====== Records supplied

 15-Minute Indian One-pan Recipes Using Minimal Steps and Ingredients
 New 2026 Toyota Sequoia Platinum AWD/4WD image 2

============
====== Records supplied

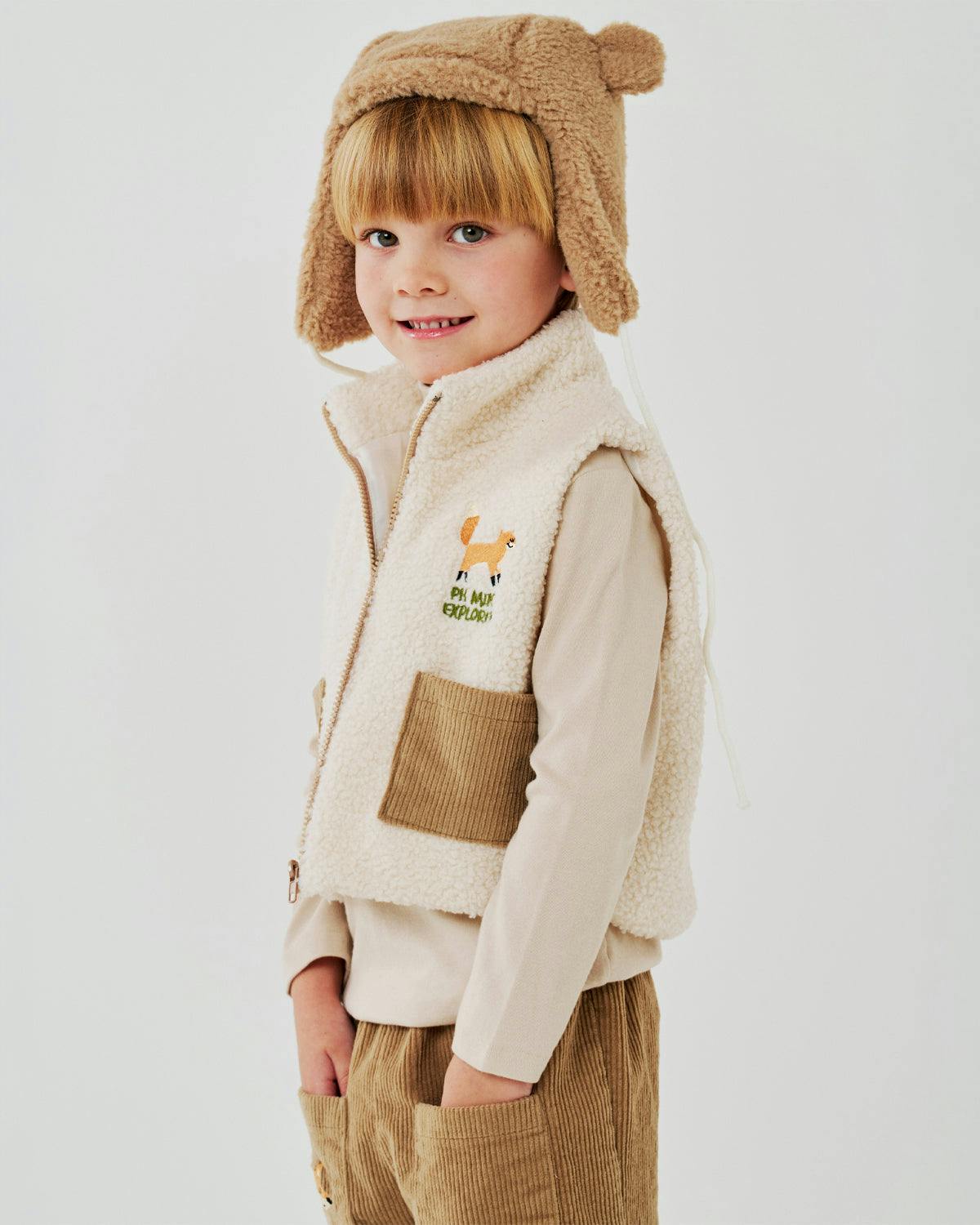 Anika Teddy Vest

============

Take exactly the lines from the one containing "15-Minute Indian One-pan" through the one containing "New 2026 Toyota" in the data above, and output them with nothing added.

▶ _Output of the exercise_
 15-Minute Indian One-pan Recipes Using Minimal Steps and Ingredients
 New 2026 Toyota Sequoia Platinum AWD/4WD image 2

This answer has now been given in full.